IBM has continued to acquire strategic assets that are helping further its position in the cloud and AI market. Back in November 2020, it acquired Instana to better manage the complexity of modern applications that span hybrid cloud landscape and helps IBM further its AI automation capabilities. Instana’s software solution provides monitoring and performance management of software used in microservice architectures and permits 3D visualization of performance through graphs generated using machine learning algorithms.
Previously IBM acquired WDG Automation, which provides AI-powered robotic process automation (RPA) to help companies automate mundane operational tasks and cloud deployments. IBM integrated this into its Cloud Pak offerings on Red Hat OpenShift, which now provides over 600 pre-built RPA functions to help businesses turn insights from AI into automated actions.
IBM will continue its focus on acquiring strategic assets to further its cloud-first vision. The company will also continue to forge a large number of strategic partnerships such as with Verizon, Adobe, and — just last week — Palantir and Foghorn.
It’s all about streamlining the data
Cloud is now becoming a commodity, a basic utility of computing. The power that the cloud unleashes with its elasticity, scalability, accessibility, and speed is creating the foundation for new applications never before possible.
Companies are rapidly migrating their data assets to the cloud to gain agility flexibility and lower costs. But the real power lies in leveraging sophisticated machine learning algorithms to unleash key insights in the data
However, the effort, complexity and technical specialty required to develop and deploy cloud based AI applications has been very high. There is a growing AI skills gap and shortage because these AI applications require a multidisciplinary mix of statistics, computer science, signal processing, data modeling, and domain knowledge.

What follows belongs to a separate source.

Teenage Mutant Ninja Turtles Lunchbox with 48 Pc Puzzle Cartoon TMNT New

According to IBM, “31% of businesses cited data complexities as an obstacle to launching AI applications and 37% of them highlighted skills shortages as a major challenge.”

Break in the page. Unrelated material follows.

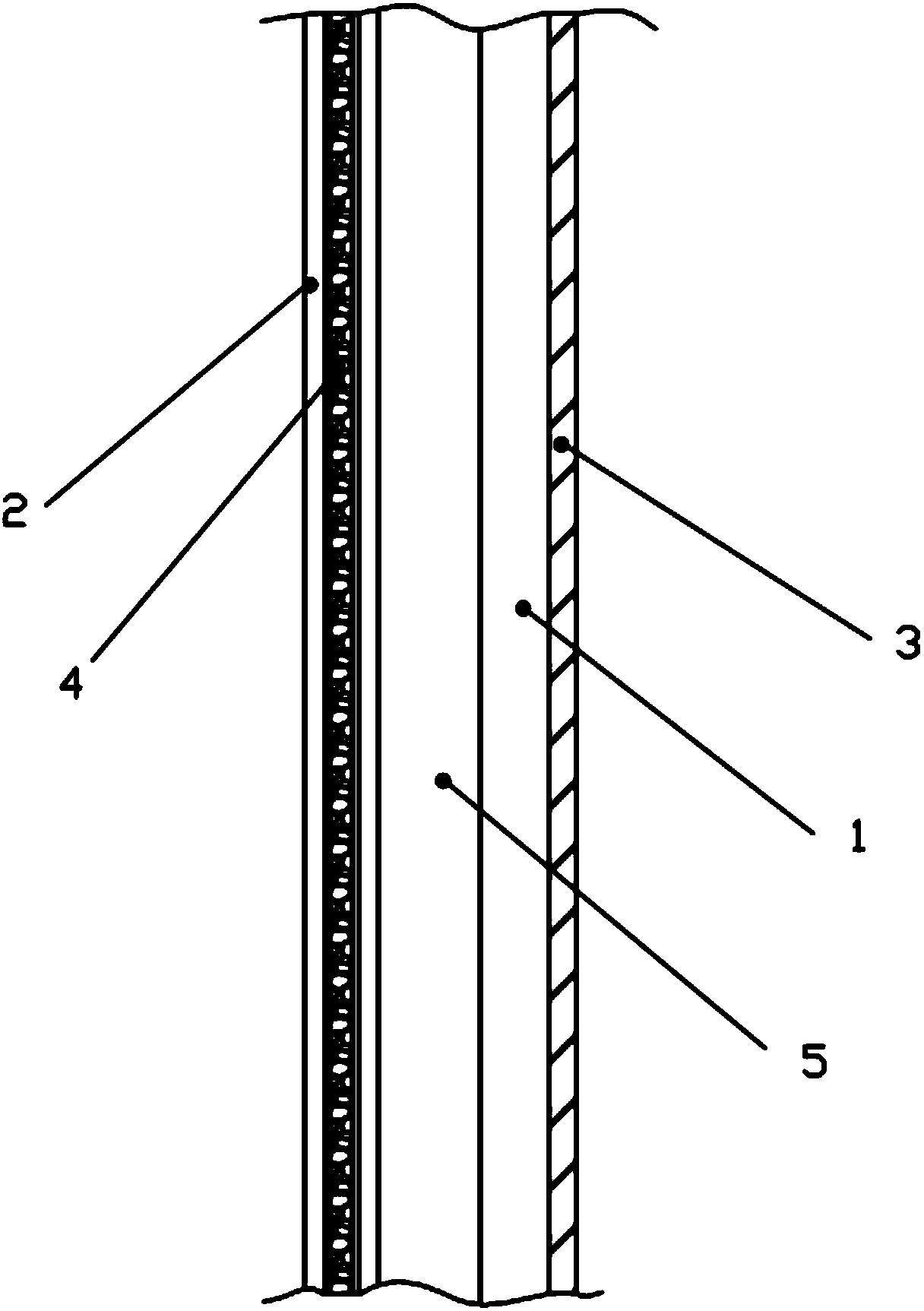 Temperature-regulating glass and preparation method thereof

Last week’s IBM/Palantir announcement provides a new solution called “Palantir for IBM Cloud Pak for Data,” which leverages Palantir’s Foundry Analytics platform to supplement IBM Watson and Red Hat OpenShift services.
IBM is positioning the new offering as a “low-code/no-code” platform for deploying enterprise AI applications that provides automated data discovery, processing, and pipelining across the vast amounts of siloed data that exists in on-premises, hybrid and cloud environments. This reduces the need for deep AI skills and compresses the time it takes to deploy AI applications.

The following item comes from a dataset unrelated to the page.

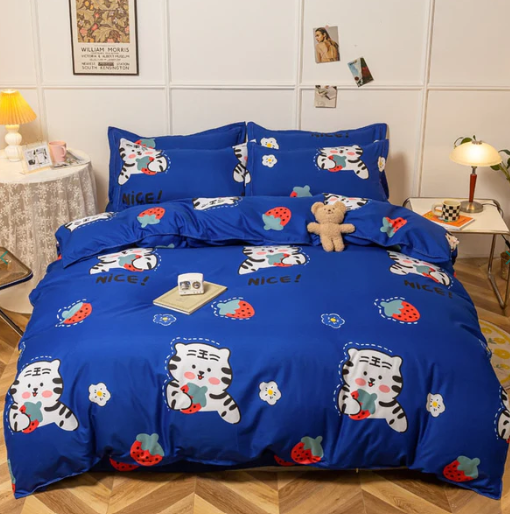 Cute Strawberry Animal Heart Bedding Set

IBM is effectively merging its hybrid cloud, artificial intelligence, data processing, and operational technology into this new product aimed at business clients and targeting this strategy at helping organizations accelerate their broader digital transformation journey.
But IBM is not the only winner here. The big winner in all this could actually be Palantir as its product is now in the hands of over 2,500 IBM salespeople and, more importantly, gains access to IBM’s blue-chip enterprise clients. Palantir’s stock rose over 15% following the announcement anticipating increased demand for their products.
Intelligence at the edge
Edge computing is a distributed, cloud-era architecture constructed to handle real time data integration that is produced from millions of connected devices. Applications require real-time data processing at the edge of the network to reduce latency. There are also cost benefits to not having to send large streams of data to centralized cloud servers for processing.
Businesses are using edge computing today to create a wide variety of applications like virtual and augmented reality, smart buildings, smart cities, workspaces, retail experiences, autonomous cars, automated factories, and more.
Extending edge computing to include cognitive processing creates even more intelligence right where the applications are being used. So the partnership with Foghorn IBM announced last week is significant. It brings FogHorn’s intelligent edge software platform to IBM’s Edge Application Manager, which runs on OpenShift and manages high performance workloads on edge devices instead of sending the data to the cloud for processing.
FogHorn’s Lightning platform is cloud-agnostic, closed-loop edge-to-cloud solution that enables rapid iteration of machine learning models to help companies optimize their operations for maximal efficiency and reduction of overall costs.
A rising force
The global cloud computing market is expected to reach $623.3 billion by 2023. While AWS, Microsoft Azure, and Google Cloud are clearly leading the charge, IBM is quietly acquiring capabilities and establishing partnerships that may make it the number one provider of hybrid cloud solutions. IBM doesn’t always lead technology transformations, but throughout its 109-year existence, it has proven to be an expert at pivoting its business model. It is now clearly betting its future on the cloud.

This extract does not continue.